The compound key earns its keep on ties. If you paginate on created_at alone and a hundred rows share a timestamp, a single-column cursor can land mid-tie and silently skip or repeat rows. Adding the unique id gives every row a total order, so the boundary between pages is always unambiguous.

EXPLAIN on the same 50,000-row table shows why this is fast:

-- EXPLAIN SELECT ... WHERE (created_at, id) < ($1, $2) ... LIMIT 20;
Limit  (cost=0.29..1.58 rows=20 width=35)
  ->  Index Scan using products_created_at_id_idx on products
        (cost=0.29..3221.26 rows=49998 width=35)
        Index Cond: (ROW(created_at, id) < ROW('2026-02-04 17:19:00+00', '49999'))

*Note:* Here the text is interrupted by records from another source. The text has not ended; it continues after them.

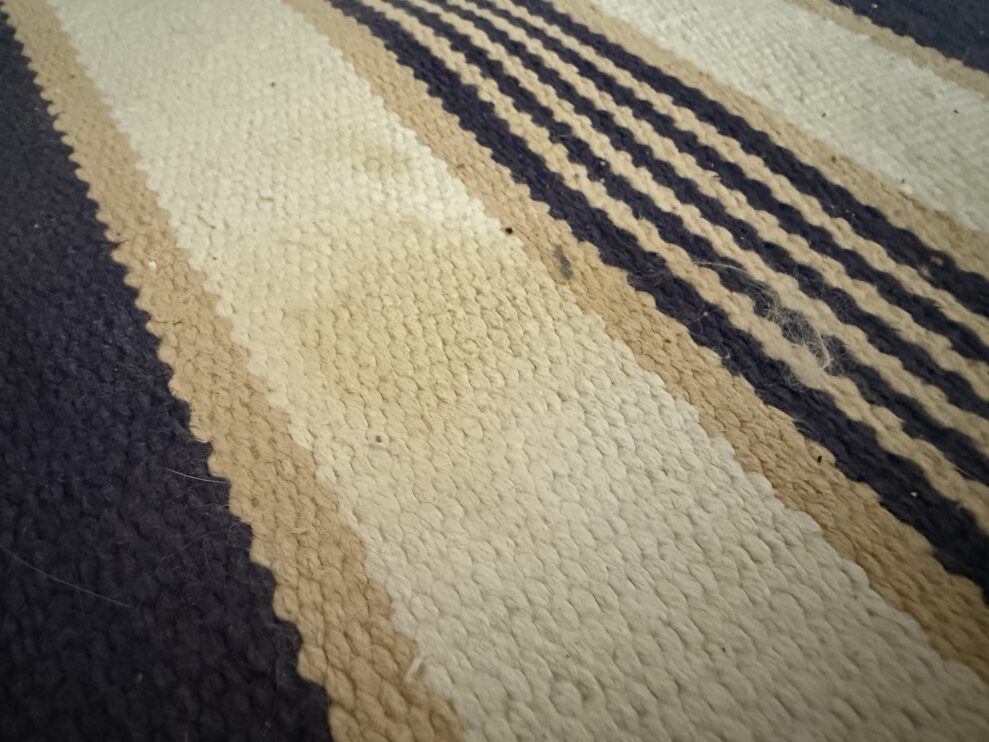 SpotClean-HydroSteam-rug-after-web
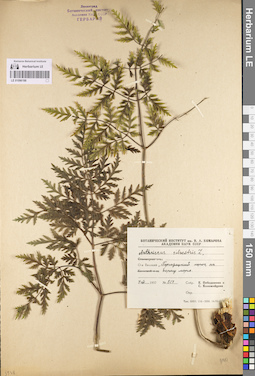 LE 01096198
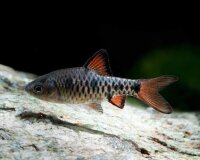 Eilandbarbe / Barbus oligolepis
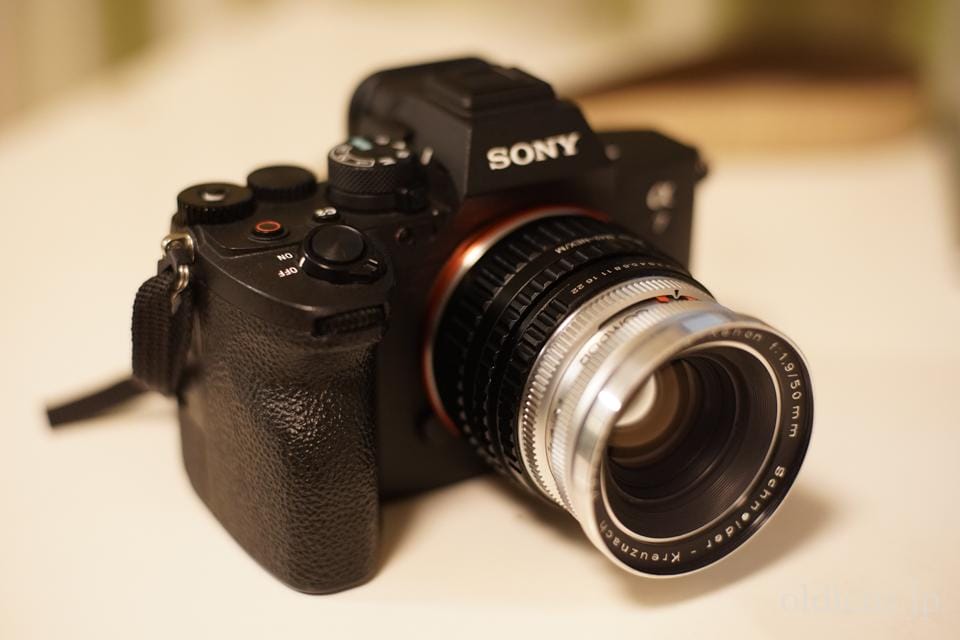 Retina XENON 50mm F1.9 Review作例 Schneiderシュナイダーオールド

Two things changed versus the offset plan. The Limit startup cost dropped from 3095.05 to 0.29, and the comparison became an Index Cond — Postgres pushes the bound into the index and starts reading at the right spot instead of counting from the top.⁸

Step 4: A lossless database seam

node-postgres returns a few types as strings on purpose, and one default will bite a cursor if you ignore it. Create src/db.ts:

import pg from 'pg';

// node-postgres parses timestamptz (OID 1184) into a millisecond-precision JS
// Date by default. Postgres stores microseconds, so a Date round-trip can drop
// precision and skip/duplicate a row at a page boundary. Returning the raw text
// keeps the cursor lossless.
pg.types.setTypeParser(1184, (value) => value);

export type QueryFn = <R>(text: string, params?: unknown[]) => Promise<{ rows: R[] }>;

export function createPool(connectionString: string): pg.Pool {
  return new pg.Pool({ connectionString });
}

// Adapt the generically-typed driver method to a narrow app-level seam. Writing
// the wrapper as a generic function (not an alias) lets the row type flow through.
export function makeQuery(pool: pg.Pool): QueryFn {
  return async <R>(text: string, params: unknown[] = []) => {
    const result = await pool.query(text, params);
    return { rows: result.rows as R[] };
  };
}

Two deliberate choices here. The setTypeParser(1184, …) call hands back created_at as the exact Postgres text, so the value you put in a cursor and the value you compare against are byte-for-byte identical — no microsecond truncation to misplace a boundary row.² And bigint (id) and numeric (price) also arrive as strings, because a JS number can't safely hold every value of either type;² keep them as strings and cast back with $2::bigint in SQL. The QueryFn seam keeps the query function injectable, which makes the pagination logic testable without a live database.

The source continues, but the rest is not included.